Responsible thinkers, pundits, and reasonable people everywhere are up in arms about Donald Trump’s effort to invalidate the November 8 results before the fact with the charge that the election is rigged. From Matt K. Lewis and our own Max Boot among conservatives to Brian Stelter among mainstream media types to Chris Hayes of MSNBC on the Left; there is unity in the idea that Trump has somehow crossed a Rubicon that threatens our democracy like nothing he has said before.
It cannot be true, they say, since the manner and conduct elections are almost exclusively a state-level responsibility, and the conspiracy it would take to rig a nationwide contest would be ridiculously vast and broad. More philosophically, they argue the working order of our democratic republic requires of our leaders (and Trump is one) that they agree to the social compact that sets us apart from other nations—the one that says power passes peacefully during political transitions and, therefore, that the defeated party in an election acknowledge the defeat and the victory of the other side publicly in order to ensure we do not devolve into warring political mobs.
It’s wonderful to hear this kind of public civics lesson, and I hope everybody listens, but it’s entirely beside the point. Trump contradicts himself and says two different things in the same sentence and is an enemy to coherence except in this way: This rigging argument is the beating heart of his candidacy and has been since he began it. Of course he says the election is rigged. His entire narrative about the condition of the United States is that the system is rigged. The trade deals are rigged. The tax system is rigged. The media are rigged. The justice system is rigged. “There’s something going on here, folks,” is a mantra he’s used in his rallies for 16 months now.
His chief political consigliere was and likely is Roger Stone, a brilliant operative—and hyper-conspiratorialist. The dominating theory of conspiratorialists is that everything is rigged—that’s what conspiracies are, after all. The JFK assassination was rigged. The Warren Commission was rigged. Flight 800 was rigged. Fire can’t melt steel. The crack epidemic was an inside CIA job.

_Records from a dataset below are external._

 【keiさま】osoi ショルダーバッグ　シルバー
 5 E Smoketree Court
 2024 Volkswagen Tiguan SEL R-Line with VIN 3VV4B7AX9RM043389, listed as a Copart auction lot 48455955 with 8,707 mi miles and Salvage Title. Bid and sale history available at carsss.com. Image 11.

If you think about it, the birther claim against President Obama and its associated offshoots are a sinister retelling of the past 55 years of American history. It is a story in which large-scale forces we don’t understand conspire to take a half-African/half-white kid born in Kenya, make him wholly American, work the system so he can get into Columbia University from Occidental, pay his bills there and at Harvard Law School, ghost-write his memoir, buy him a house, release the sealed custody records of his senatorial rival, and then secure him the presidency. Rigged! The biggest rigging of them all! The fact that if you wanted a Manchurian candidate, baby Barry Obama would have been the least likely choice anyone would ever have made in 1961 is beside the point. Clearly, some visionary or time traveler who knew the time would be ripe in 2008.
Think about how this argument was assembled out of fragments and pieces and bits and you can get a sense of how the conspiratorialist “rigged” mindset works. None of it makes sense individually, and taken as a whole it’s the province of bad suspense fiction, but put it together and it resembles a pointillist painting of America as seen from the perspective of a malign Grand Engineer.
The ultimate point of all this is the control of the levers of political power, so of course the way the votes are cast is rigged as well. But this part of the argument, I’m afraid, has been the primary province not of the Right until recently but the Left. The Florida recount in 2000 was rigged. The 2004 vote was manipulated by Diebold machines, and the state of Ohio closed polling places abnormally early to ensure a Bush victory over John Kerry (this was a particular bugaboo of Christopher Hitchens, whose tragically early death obscured his frequent descent into the fever swamps). And what else is the assertion of “voter suppression” in response to voter-ID laws but an implicit charge of vote-rigging against anyone and everyone who seeks such legislation?
Just as Trump is attempting (likely not consciously on his part but likely consciously on Stone’s part) to reassemble the political landscape beyond the current boundaries of Left and Right, so, too, is he happy to become the tribune of the notion that if everything is rigged against his voters, everything is rigged against him as well. So, of course, they are going to steal the election. It’s what they do. They are more powerful than all other forces arrayed against them. This is bigger than one election. This is now the entire world structure Trump is taking on. That’s why he’s broadened his attack on the rigged system to international bankers and forces beyond our borders seeking to ensure a Hillary victory—because how on earth can he and his forgotten voters prevail against such amassed and naked power?
If Trump loses, the point he and his toadies will make is that he lost this whole thing even before he began. The marionetteers are pulling the strings, and the people must rise up to take on the puppet masters. Which means, if I’m right, he’s not going anywhere, and his assault on the nation’s social and political compact has only just begun.